GIVEN RECORDS:

****

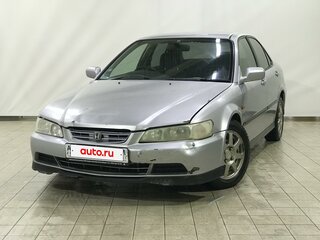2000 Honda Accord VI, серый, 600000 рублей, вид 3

****

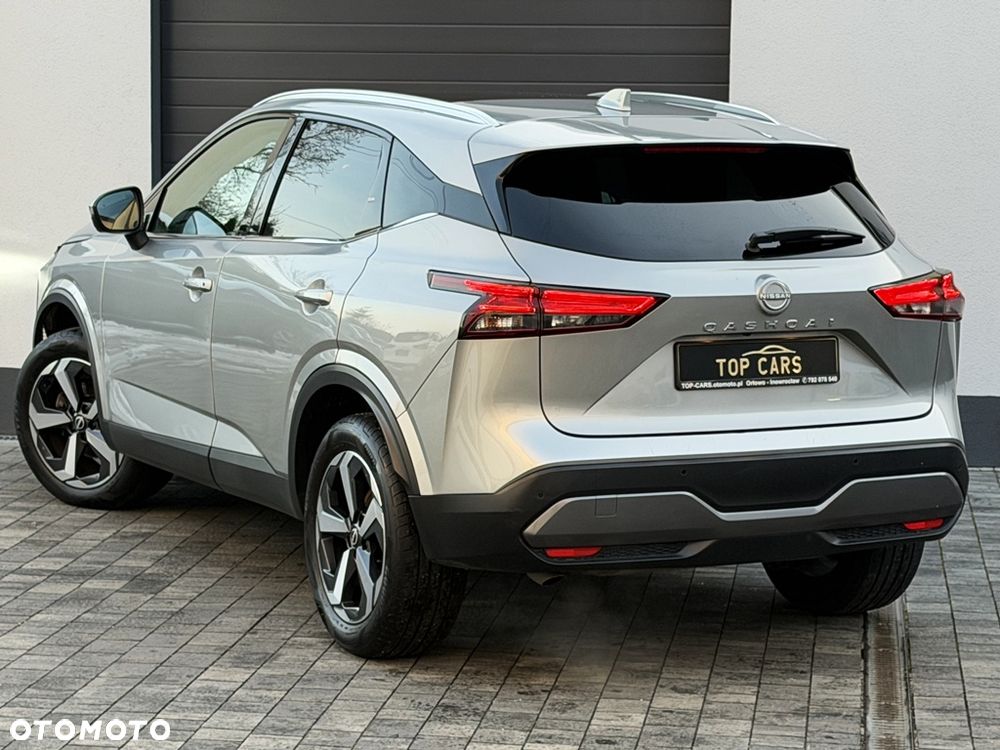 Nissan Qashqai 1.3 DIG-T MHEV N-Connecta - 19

****

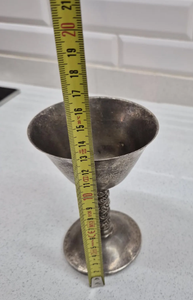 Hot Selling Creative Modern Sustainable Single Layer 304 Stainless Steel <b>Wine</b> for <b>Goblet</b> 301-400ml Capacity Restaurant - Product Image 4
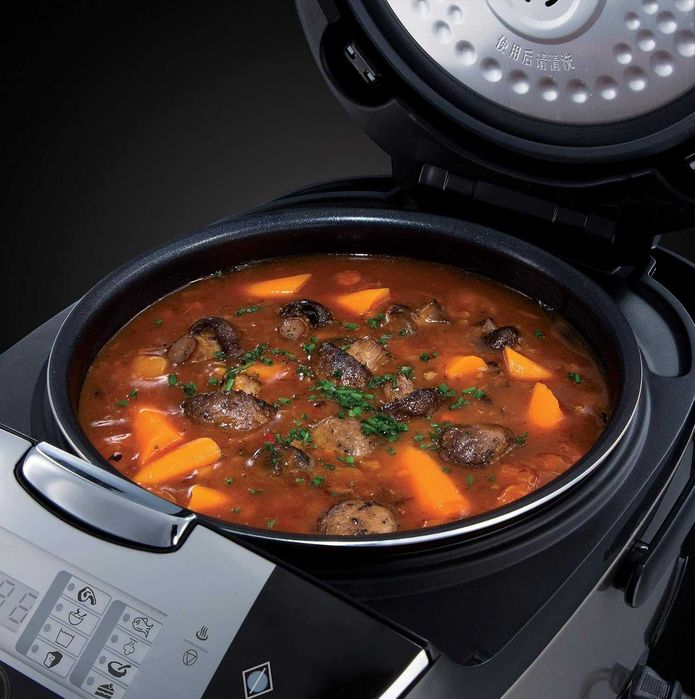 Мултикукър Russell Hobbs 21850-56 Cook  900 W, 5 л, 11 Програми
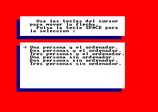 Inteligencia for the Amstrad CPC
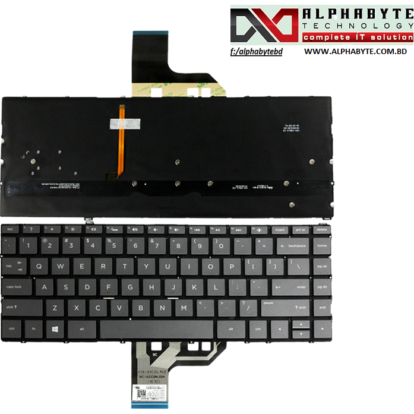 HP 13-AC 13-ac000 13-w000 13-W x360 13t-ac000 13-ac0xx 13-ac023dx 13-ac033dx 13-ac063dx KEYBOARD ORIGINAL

****

WHAT YOU SHOULD DO: Exact copy, no pictures. Write out the lines in the entries above, starting with the line with "Мултикукър Russell Hobbs" and going on through the line with "HP 13-AC 13-ac000", keeping both.

ANSWER FOR THE TASK:
 Мултикукър Russell Hobbs 21850-56 Cook  900 W, 5 л, 11 Програми
 Inteligencia for the Amstrad CPC
 HP 13-AC 13-ac000 13-w000 13-W x360 13t-ac000 13-ac0xx 13-ac023dx 13-ac033dx 13-ac063dx KEYBOARD ORIGINAL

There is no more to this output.